[Opening SOURCE MATERIAL section]
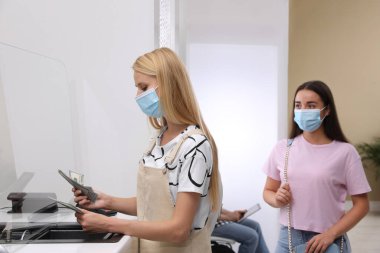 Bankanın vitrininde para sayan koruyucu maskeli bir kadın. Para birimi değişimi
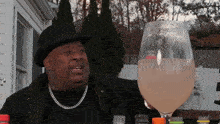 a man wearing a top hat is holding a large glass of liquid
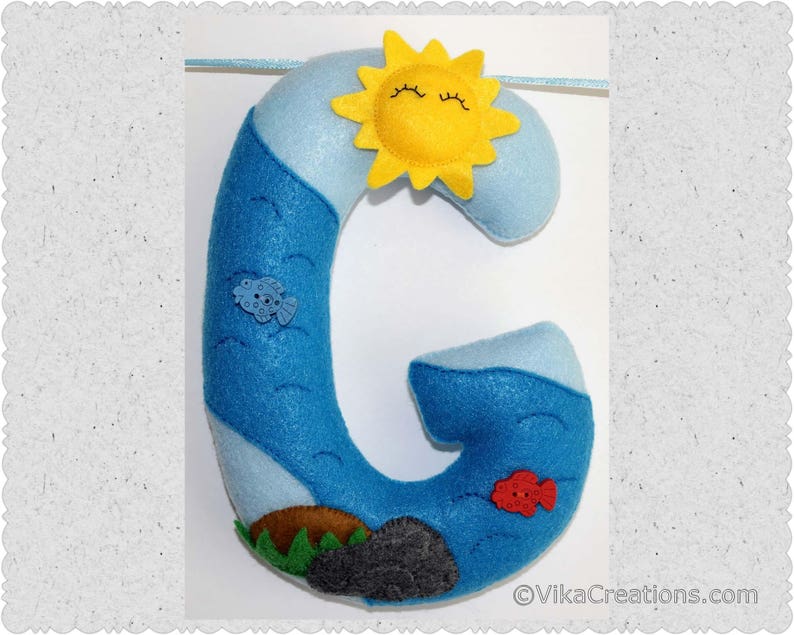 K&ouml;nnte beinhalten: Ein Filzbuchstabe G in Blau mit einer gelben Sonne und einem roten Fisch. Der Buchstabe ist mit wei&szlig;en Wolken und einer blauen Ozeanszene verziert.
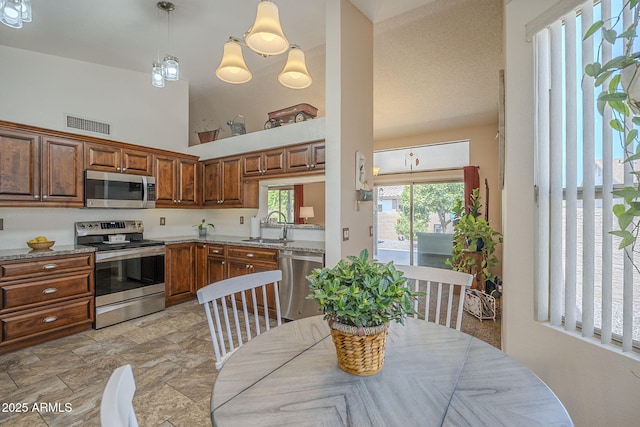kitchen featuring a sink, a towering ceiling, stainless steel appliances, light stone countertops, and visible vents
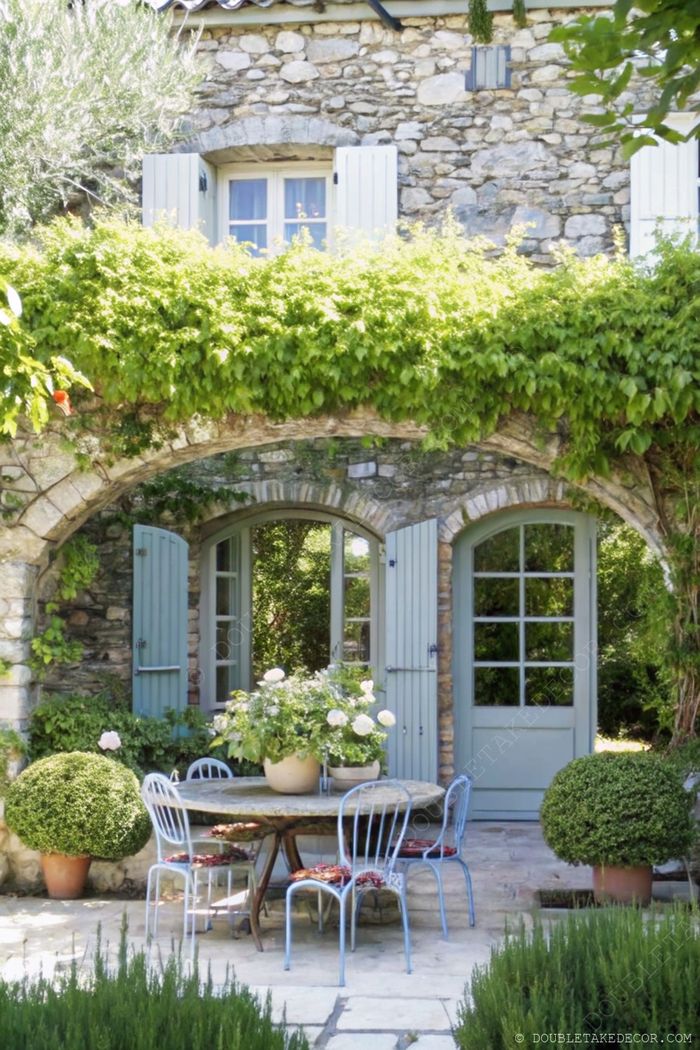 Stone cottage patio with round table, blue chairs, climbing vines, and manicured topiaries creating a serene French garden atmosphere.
[Closing SOURCE MATERIAL section]
* **TRY IT**
Please leave out the pictures while you copy exactly the lines from the one containing "K&ouml;nnte beinhalten: Ein" through the end of the records.

* **ANSWER TO THIS PROBLEM**
 K&ouml;nnte beinhalten: Ein Filzbuchstabe G in Blau mit einer gelben Sonne und einem roten Fisch. Der Buchstabe ist mit wei&szlig;en Wolken und einer blauen Ozeanszene verziert.
kitchen featuring a sink, a towering ceiling, stainless steel appliances, light stone countertops, and visible vents
 Stone cottage patio with round table, blue chairs, climbing vines, and manicured topiaries creating a serene French garden atmosphere.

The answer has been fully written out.